Followers are an asset. There is a monetary value to them. But they are not a very moveable asset. I cannot exchange my 80k Twitter followers for 80k Instagram followers or 80k TikTok followers. I can encourage my Twitter followers to also follow me on other platforms or to subscribe to this substack but that is hard and it takes a long time and it never translates to one even exchange.
I have been doing this substack for a year and a half and I have 12k followers, which means 68k people follow my Twitter account but have not followed me to this substack.
That is true at every level of the media right now. Some people also have large Instagram accounts and large TikTok accounts but the average reporter doesn’t. They do probably have thousands of Twitter followers. Maybe not as many as me. And I don’t have as many as other people, but they have more than anywhere else.

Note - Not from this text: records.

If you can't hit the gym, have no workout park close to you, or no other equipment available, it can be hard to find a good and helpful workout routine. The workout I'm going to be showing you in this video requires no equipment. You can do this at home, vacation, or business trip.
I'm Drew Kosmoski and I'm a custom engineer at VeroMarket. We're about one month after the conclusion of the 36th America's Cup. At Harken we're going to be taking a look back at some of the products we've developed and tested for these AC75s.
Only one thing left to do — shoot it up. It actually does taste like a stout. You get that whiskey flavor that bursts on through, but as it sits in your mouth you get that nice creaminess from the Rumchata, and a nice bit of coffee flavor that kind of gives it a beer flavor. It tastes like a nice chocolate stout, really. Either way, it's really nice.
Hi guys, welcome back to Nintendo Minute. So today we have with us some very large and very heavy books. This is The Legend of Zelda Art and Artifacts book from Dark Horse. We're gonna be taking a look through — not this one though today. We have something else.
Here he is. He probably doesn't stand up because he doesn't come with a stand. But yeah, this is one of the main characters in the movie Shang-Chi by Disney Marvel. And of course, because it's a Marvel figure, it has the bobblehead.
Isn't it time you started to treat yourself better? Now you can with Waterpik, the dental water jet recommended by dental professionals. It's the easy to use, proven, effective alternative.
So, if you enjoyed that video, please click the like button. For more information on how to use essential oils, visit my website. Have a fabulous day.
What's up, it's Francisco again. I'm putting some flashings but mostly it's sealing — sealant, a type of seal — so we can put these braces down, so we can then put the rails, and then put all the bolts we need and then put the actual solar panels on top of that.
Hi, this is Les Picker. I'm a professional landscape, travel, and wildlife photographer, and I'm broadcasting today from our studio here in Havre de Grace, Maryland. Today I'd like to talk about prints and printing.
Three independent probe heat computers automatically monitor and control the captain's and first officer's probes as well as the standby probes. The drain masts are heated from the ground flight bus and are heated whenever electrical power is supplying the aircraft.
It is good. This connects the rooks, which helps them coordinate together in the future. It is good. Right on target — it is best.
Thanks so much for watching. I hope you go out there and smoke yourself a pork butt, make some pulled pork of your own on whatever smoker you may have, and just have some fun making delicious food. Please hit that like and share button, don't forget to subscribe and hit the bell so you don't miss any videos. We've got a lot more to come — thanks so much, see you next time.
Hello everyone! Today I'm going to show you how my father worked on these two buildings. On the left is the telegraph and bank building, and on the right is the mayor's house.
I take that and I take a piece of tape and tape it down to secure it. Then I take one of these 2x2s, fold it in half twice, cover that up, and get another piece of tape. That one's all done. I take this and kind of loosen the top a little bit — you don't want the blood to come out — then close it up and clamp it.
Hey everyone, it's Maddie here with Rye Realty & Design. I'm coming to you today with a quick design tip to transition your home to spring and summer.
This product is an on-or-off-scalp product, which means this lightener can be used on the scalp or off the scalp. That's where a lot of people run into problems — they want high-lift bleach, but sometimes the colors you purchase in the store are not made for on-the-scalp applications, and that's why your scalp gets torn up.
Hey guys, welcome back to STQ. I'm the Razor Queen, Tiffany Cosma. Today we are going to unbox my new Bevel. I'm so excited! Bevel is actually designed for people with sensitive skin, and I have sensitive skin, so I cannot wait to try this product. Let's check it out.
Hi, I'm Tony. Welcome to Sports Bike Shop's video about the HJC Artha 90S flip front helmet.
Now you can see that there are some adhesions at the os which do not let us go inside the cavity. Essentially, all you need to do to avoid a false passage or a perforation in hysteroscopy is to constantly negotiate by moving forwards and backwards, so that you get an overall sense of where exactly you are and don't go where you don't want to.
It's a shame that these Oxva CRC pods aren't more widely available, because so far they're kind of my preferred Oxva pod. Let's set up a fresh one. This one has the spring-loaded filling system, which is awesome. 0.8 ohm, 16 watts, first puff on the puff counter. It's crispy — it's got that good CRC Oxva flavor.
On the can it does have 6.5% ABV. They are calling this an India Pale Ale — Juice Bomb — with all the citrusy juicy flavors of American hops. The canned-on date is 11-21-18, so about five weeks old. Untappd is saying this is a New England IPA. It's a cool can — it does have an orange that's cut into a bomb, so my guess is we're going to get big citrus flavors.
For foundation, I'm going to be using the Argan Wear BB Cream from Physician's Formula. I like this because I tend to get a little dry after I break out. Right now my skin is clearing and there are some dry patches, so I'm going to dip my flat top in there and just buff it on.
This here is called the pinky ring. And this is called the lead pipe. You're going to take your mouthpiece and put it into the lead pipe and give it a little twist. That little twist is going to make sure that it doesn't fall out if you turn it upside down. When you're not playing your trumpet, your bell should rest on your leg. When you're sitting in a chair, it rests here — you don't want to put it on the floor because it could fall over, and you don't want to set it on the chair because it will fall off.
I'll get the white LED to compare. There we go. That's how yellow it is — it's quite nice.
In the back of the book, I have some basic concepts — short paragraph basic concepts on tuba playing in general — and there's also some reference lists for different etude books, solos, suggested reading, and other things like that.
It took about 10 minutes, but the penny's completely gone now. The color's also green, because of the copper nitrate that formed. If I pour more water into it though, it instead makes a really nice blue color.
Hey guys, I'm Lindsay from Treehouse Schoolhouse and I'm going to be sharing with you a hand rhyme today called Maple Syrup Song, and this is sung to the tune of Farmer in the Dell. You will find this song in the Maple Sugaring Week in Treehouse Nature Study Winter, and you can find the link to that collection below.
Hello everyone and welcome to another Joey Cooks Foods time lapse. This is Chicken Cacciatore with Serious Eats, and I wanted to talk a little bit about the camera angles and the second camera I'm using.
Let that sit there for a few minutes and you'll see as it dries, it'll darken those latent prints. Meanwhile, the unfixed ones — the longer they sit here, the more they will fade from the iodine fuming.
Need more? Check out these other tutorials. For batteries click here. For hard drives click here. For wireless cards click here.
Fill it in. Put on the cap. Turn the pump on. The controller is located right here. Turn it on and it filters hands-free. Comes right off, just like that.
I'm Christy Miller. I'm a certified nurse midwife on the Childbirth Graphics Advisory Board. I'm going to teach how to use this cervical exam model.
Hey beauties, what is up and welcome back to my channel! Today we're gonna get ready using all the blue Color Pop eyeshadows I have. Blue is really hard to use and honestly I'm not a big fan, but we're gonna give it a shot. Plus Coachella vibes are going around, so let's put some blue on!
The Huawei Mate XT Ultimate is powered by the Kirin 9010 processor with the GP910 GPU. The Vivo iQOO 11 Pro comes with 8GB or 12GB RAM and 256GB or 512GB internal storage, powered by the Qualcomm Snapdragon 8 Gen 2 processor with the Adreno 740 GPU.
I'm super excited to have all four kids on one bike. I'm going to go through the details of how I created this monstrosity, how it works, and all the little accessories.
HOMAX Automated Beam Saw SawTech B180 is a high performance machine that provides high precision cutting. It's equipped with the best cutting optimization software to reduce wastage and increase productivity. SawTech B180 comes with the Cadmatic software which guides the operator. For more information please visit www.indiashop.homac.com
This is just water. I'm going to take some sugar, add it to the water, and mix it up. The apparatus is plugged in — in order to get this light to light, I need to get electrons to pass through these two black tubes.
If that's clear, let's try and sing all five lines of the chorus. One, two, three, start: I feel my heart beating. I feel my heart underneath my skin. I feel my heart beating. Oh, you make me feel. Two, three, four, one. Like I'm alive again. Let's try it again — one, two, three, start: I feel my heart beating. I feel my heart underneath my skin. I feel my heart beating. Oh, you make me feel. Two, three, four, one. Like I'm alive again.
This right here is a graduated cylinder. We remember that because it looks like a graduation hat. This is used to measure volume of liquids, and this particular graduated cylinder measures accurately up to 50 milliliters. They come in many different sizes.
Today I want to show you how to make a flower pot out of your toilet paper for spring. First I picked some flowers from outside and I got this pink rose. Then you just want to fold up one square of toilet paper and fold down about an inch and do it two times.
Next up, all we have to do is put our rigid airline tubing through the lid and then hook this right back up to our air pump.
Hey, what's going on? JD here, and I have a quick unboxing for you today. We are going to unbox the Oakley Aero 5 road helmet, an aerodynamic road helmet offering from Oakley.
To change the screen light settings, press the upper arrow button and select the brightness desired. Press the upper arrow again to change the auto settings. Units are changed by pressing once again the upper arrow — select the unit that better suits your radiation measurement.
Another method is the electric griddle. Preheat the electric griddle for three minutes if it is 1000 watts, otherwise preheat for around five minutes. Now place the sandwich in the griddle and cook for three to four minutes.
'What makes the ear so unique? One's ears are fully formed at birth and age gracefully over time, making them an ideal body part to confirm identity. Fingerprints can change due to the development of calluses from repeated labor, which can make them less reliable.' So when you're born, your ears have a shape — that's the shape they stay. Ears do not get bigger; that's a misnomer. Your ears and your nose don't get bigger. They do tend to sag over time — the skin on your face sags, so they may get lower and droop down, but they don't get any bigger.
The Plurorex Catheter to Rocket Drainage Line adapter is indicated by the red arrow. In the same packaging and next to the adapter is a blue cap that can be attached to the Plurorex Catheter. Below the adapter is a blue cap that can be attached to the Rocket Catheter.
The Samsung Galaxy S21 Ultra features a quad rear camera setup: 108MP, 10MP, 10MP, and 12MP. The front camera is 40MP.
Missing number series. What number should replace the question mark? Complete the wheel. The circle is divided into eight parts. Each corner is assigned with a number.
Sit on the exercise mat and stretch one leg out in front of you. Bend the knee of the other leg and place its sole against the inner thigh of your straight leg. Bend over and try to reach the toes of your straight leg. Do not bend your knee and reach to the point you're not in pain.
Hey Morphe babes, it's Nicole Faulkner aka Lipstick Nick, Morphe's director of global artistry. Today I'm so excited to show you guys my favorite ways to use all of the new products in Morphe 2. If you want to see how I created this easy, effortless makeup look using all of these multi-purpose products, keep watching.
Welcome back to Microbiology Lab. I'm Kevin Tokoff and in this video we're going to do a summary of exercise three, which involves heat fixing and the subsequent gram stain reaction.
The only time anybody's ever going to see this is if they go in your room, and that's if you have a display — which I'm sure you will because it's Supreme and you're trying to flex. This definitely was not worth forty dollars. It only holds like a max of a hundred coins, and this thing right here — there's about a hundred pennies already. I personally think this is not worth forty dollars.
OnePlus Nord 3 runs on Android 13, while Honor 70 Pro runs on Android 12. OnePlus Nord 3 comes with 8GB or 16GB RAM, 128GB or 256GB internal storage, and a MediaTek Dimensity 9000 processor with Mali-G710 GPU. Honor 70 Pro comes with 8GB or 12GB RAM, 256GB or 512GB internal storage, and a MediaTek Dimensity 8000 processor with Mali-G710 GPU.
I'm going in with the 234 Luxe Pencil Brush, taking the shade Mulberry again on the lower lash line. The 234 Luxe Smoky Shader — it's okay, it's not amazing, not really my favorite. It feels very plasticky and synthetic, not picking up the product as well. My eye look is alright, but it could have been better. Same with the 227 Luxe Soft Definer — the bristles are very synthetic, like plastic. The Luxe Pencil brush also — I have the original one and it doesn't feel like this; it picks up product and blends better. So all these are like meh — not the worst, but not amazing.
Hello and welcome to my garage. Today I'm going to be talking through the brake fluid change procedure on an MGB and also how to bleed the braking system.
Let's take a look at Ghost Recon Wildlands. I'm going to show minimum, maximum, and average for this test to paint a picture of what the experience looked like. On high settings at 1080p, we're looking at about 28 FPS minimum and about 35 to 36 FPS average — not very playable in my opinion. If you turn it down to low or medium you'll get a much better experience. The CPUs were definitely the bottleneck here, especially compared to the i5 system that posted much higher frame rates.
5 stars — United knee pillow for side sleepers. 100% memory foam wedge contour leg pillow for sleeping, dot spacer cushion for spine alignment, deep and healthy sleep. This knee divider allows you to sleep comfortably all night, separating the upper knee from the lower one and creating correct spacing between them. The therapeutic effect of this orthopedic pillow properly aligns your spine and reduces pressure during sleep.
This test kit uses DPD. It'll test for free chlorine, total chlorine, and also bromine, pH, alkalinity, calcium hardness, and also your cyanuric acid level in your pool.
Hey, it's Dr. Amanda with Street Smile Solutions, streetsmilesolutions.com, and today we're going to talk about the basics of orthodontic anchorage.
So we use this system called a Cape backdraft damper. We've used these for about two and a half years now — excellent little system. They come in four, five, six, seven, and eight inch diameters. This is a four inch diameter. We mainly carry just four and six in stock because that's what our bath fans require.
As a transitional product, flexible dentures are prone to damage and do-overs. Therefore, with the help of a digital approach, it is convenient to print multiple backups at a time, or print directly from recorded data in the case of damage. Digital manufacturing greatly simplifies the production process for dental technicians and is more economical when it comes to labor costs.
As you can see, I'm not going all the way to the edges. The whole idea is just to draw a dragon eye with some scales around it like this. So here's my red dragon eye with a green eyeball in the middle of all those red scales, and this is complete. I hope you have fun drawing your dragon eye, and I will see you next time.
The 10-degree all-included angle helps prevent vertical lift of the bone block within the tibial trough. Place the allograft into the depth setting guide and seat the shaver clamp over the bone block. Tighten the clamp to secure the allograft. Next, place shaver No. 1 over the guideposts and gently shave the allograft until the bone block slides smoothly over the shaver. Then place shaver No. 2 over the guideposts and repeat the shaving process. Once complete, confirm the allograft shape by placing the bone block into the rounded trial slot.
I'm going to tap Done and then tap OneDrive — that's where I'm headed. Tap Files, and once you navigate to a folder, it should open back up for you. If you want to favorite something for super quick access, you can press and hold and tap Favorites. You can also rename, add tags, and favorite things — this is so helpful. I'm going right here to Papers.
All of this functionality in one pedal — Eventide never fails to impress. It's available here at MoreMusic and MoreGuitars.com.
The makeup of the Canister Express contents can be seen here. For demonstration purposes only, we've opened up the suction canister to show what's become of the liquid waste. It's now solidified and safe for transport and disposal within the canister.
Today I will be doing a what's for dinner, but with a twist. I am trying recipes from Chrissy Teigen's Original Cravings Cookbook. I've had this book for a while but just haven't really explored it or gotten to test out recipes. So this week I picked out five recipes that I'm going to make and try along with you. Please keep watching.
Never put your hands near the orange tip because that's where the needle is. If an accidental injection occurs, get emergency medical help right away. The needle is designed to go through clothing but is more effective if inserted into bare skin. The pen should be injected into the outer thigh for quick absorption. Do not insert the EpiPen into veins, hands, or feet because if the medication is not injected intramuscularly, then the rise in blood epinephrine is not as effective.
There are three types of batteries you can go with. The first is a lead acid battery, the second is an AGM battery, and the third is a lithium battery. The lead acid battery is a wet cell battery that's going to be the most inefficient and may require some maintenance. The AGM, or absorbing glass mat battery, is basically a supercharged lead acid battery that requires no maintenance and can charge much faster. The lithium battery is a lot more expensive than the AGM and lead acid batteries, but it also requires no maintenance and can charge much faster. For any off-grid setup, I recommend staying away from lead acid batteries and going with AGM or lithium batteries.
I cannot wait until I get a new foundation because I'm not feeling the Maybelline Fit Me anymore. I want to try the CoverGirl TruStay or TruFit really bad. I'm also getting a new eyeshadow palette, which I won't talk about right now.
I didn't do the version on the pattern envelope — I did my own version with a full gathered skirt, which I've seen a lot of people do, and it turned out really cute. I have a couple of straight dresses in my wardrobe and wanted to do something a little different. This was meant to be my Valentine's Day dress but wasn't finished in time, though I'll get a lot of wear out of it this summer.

To get people en masse to abandon those assets, you’d have to offer them some other equivalent. And that doesn’t exist at the moment. The media will continue to be dominated by Twitter because the people who work in the media have individual interests to not only continue growing their Twitter audiences but to protect the value of that audience.
Substack is an interesting way of thinking about this. My situation, where virtually all of my subscribers have come from Twitter, is not unique. One of the reasons I was willing to try a substack at all was because of my large Twitter following. Without that, I would have no obvious way of growing it.
But even if you aren’t doing a substack or something like that, the same sort of thing applies to almost every other job in media. Your personal ability to wield an audience makes you special. It helps you get book deals and go on television and it helps you get paid more money to be a staff writer because your readership is not 100% dependent on the homepage editor at your publication or the SEO gods at Google.
When people talk about Twitter’s importance they normally think about it in terms of the big huge accounts, like Trump or Elon Musk or Ezra Klein or Ben Shapiro, or Rachel Maddow, but the real reason Twitter is immovable is because of the working class media accounts. Shapiro and Klein and Maddow and blah blah are so big that they’re still going to be big if Twitter stops existing tomorrow. The copy editor with 3k followers, the local news reporter with 7k followers, and the CNN assistant producer with 10k followers won't.
And they’re the ones that actually make the media happen.